EXERCISE DESCRIPTION >> Only the lines from the one with "Regnbue diskokugle skjorte" to the end of the data, both ends included, should be output, exactly as they stand and without pictures.

EXERCISE DATA >>

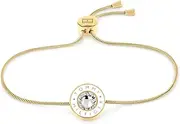 [Tommy Hilfiger] Women's Stainless Steel and Crystal 2780806 Link Charm Bracelet, GOLD, One Size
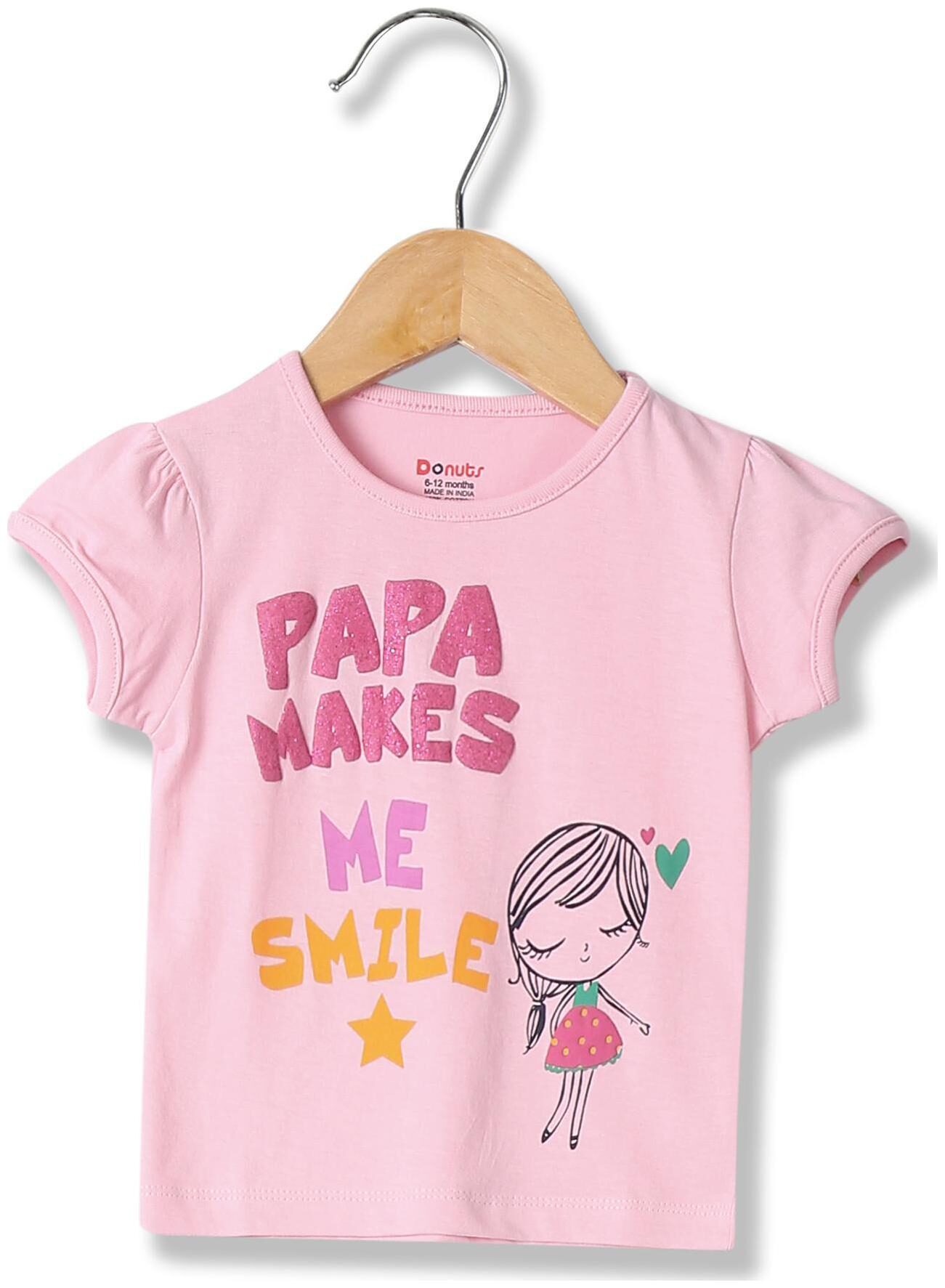 

Donuts Cotton Printed T shirt for Baby Girl - Pink
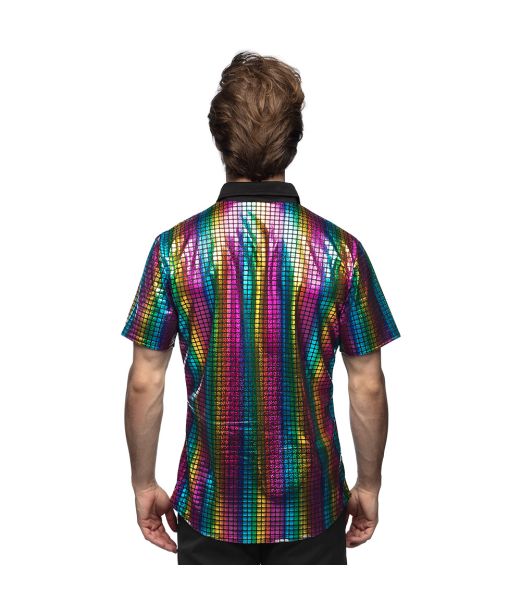 Regnbue diskokugle skjorte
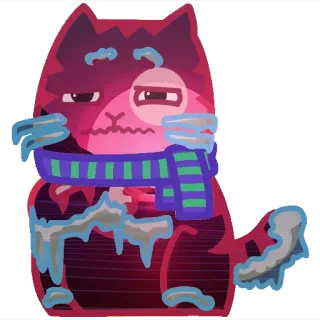 🥶 gatto, sciarpa, inverno, carino, animale telegram sticker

ANSWER AREA >>
 Regnbue diskokugle skjorte
 🥶 gatto, sciarpa, inverno, carino, animale telegram sticker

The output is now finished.